According to the study, several factors can predict food insecurity status: being a junior or a sophomore, having an ethnic minority background, receiving financial aid, and having reported poor health indicated a higher risk of food insecurity.

“This study is part of a growing body of evidence that suggests that a large percentage of college students, including students from four-year public institutions, are at risk of food insecurity,” says coauthor Elizabeth Anderson Steeves, professor in UT’s Department of Nutrition. “Studies like ours are important to understand food insecurity and its negative effects on students, so that universities can implement policies and programs to help alleviate this problem and help students succeed.”

Technology could help institutions address food insecurity on campus.

Food pantries have popped up as a way to help students have steady access to food, and therefore improve their chances for academic success.

But there is all too often a stigma students feel upon walking into a campus-operated food pantry.

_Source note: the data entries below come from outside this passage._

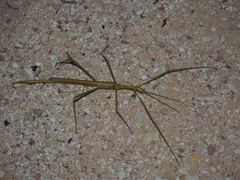 Tropidoderus gracilifemur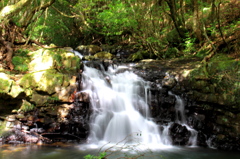 種子島　雌淵雄淵の滝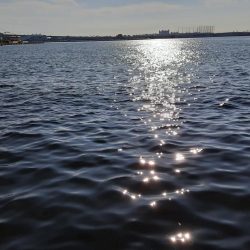 サヨリ爆釣のはずが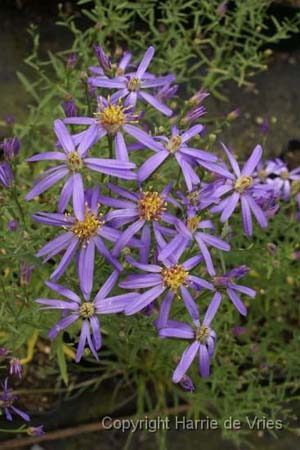 ASTER sedifolius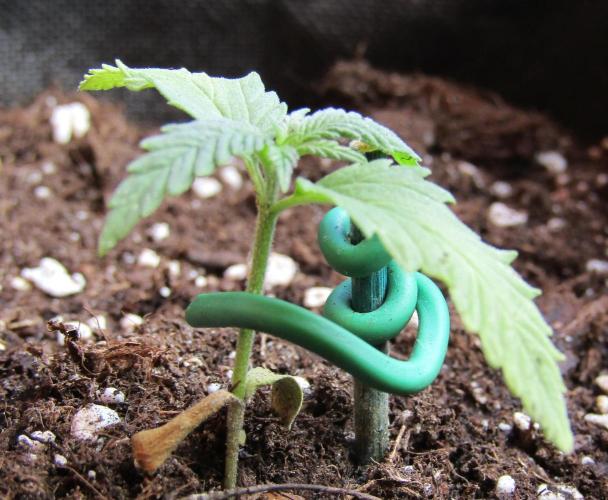 Fast Buds Outdoor 2026 -Guava RF3 Auto. Week 1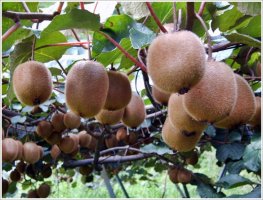 참다래(키위, Kiwifruit)의 국내 재배, 생산 현황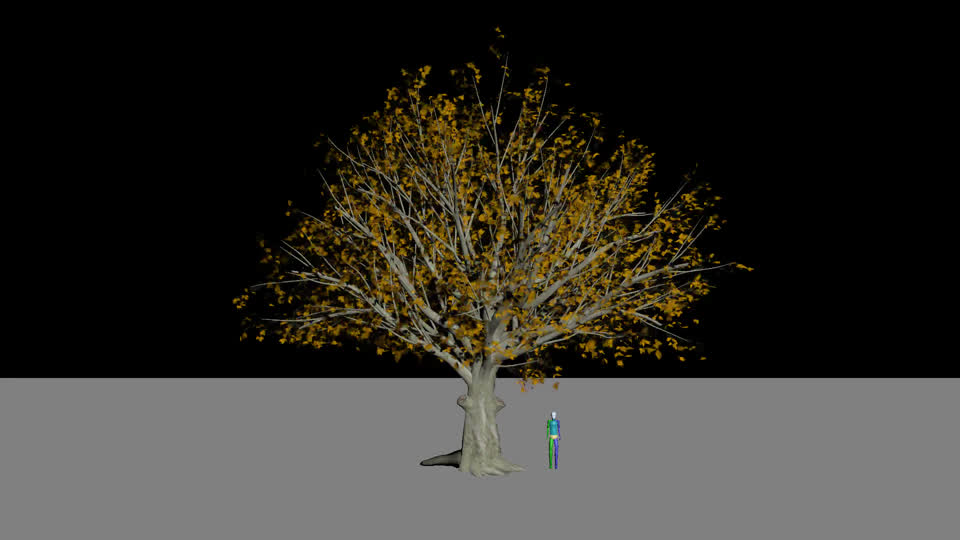 秋叶 树动画模型-树木模型库-3ds Max(.max)模型下载-cg模型网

This leads students to avoid seeking help, and at-risk students continue to remain at risk.

“Students at high risk include first-generation students, international students, DACA students and athletes,” says Della Hudson, associate dean of student affairs.

At Adelphi University in Garden City, NY, the campus food pantry, called the “Panther Pantry,” uses technology to make the process completely free of any shame or stigma for students–or even faculty and staff–with food insecurity.

Orders can be made online and delivered anonymously, and all products in the pantry are new and brand name. Donations are monetary and don’t consist of a plethora of dented cans of random items, university representatives say.

“It’s not your typical food pantry,” says Dr. Christine M. Riordan, the university’s president. “Sometimes people don’t want to come in and say that they don’t have enough to eat, and we don’t want members of our community feeling any sort of stigma. So our team put together a virtual food pantry, where individuals can go online, put in an order and have food delivered.”

When the Panther Pantry opened this past fall, it had more than 100 orders in its first three weeks–numbers peer schools see in an entire academic year. Most users are undergraduate students and most orders are placed online.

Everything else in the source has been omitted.